Text+ User Story

Full-text digitization with OCR

Jan Horstmann (Forschungsverbund Marbach Weimar Wolfenbüttel)

DFG subject areas: 104 Linguistics, 105 Literary Studies

Text+ data domain: Collections

Motivation

Collection-managing institutions such as libraries and archives preserve text documents that are of great importance for the study of literary works and constellations (DFG subject classification: especially literary studies and linguistics). Diaries, correspondence, calendars, but also historical prints of novels or plays regularly take an important position in arguments and interpretations in literary studies as well as in historically oriented linguistic projects.

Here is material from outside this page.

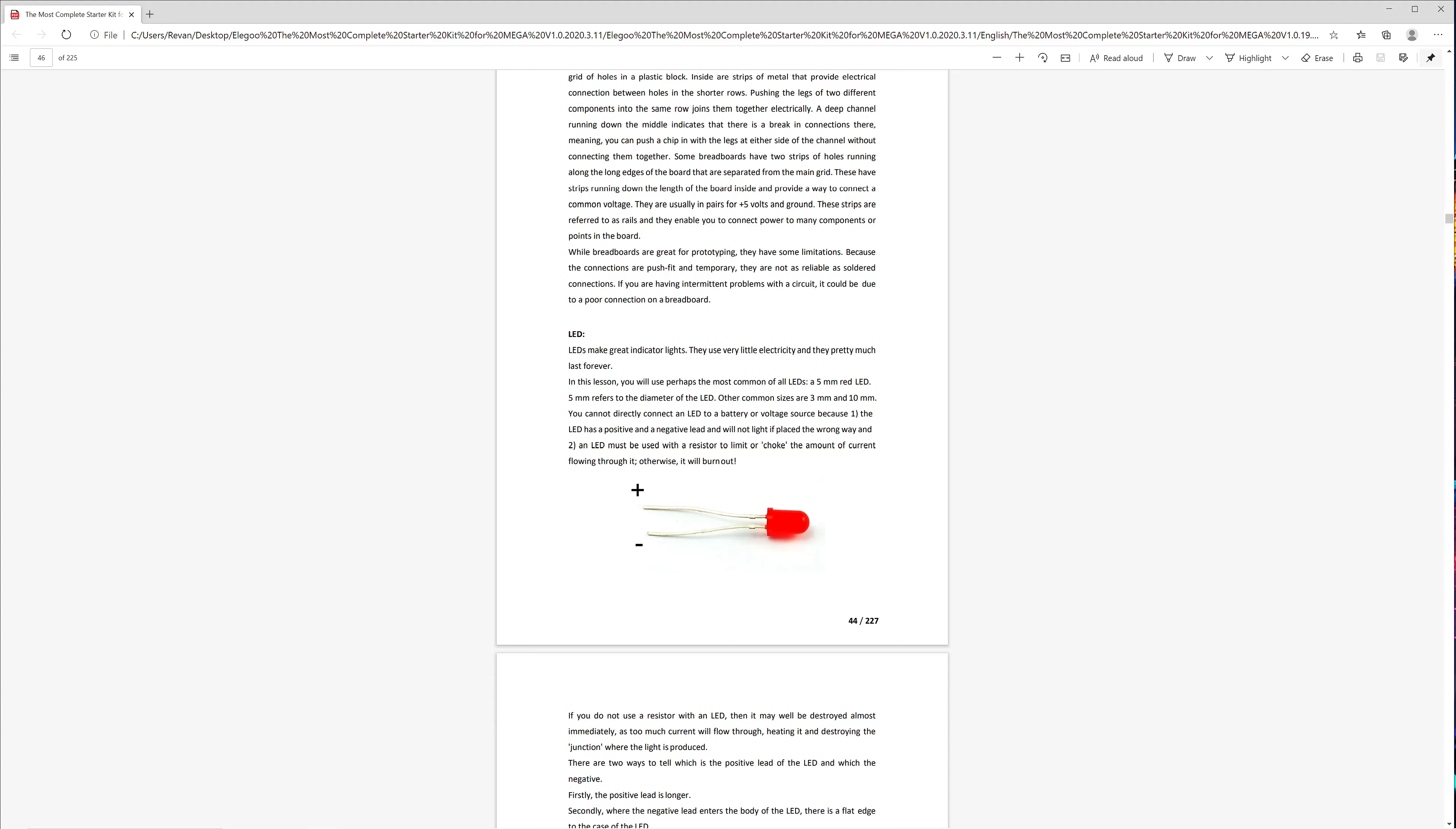The 5mm LED which we will be using has two ends. The longer end is positive, and the shorter end is negative. So when we insert this into our circuit, we want to connect the negative to ground and the positive to the wire that will be connected to power. The lesson notes also talk about how the LED will need to be used with a resistor to limit the amount of current flowing through it, or it'll burn out.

Fully digitized texts are the prerequisite for all kinds of literary or linguistic research questions focussing on the digital analysis or interpretation of single texts or text corpora. The digitization of these text objects (a task that mainly information science is involved with) is progressing at different speeds in the individual institutions that hold the collection (both nationally and internationally). In many cases one stands at the status of image digitization and descriptive or technical metadata generation. As long as a collection is not declared relevant enough for a digital edition, the actual primary text data cannot be read by machines. Full-text digitization addresses this problem so that even large quantities of texts can be made computer-readable – not, of course, with the claim of a scholarly edition, but with the aim of mass data generation. The OCR (optical character recognition) for (historical) prints and the HTR (handwritten text recognition) for handwritten manuscripts with its possibility of model training for specific writings are the approaches of choice here.

Objectives

Problematic in this area are the numerous different approaches and standards used in the field of digitization (data domain: collections). In metadata generation and image digitization as well as in full-text recognition, there are hardly any binding cross-regional specifications regarding data structures, workflows, software intersection and storage processes. The two institutions of the Research Association Marbach Weimar Wolfenbüttel (MWW), the Klassik Stiftung and the Herzog August Bibliothek, have participated and continue to participate in the DFG’s VD projects in which standards of image digitization are applied. This also holds true for the OCR‑D project, which is developing an application for the academically reliable full text digitization of historical prints. MWW has declared its intention to apply for an implementation project to offer OCR‑D as a low-threshold web service. Questions and problems that become relevant in this context are, apart from the general implementability and the design of possible applications, how the automatically generated full text data should be handled afterwards. Open questions in this field that Text+ could help to address are e.g.: according to which schemata should research data be stored and made accessible in a sustainable way? How to deal with situations where the fully digitized texts are still subject to copyright? What about ethical dimensions, for example in cases where personal rights must be taken into account?

Review by community

If the planned OCR‑D implementation project of MWW is approved, Text+ services and developed standards for long-term storage, research data management and data transfer structures can be applied and evaluated.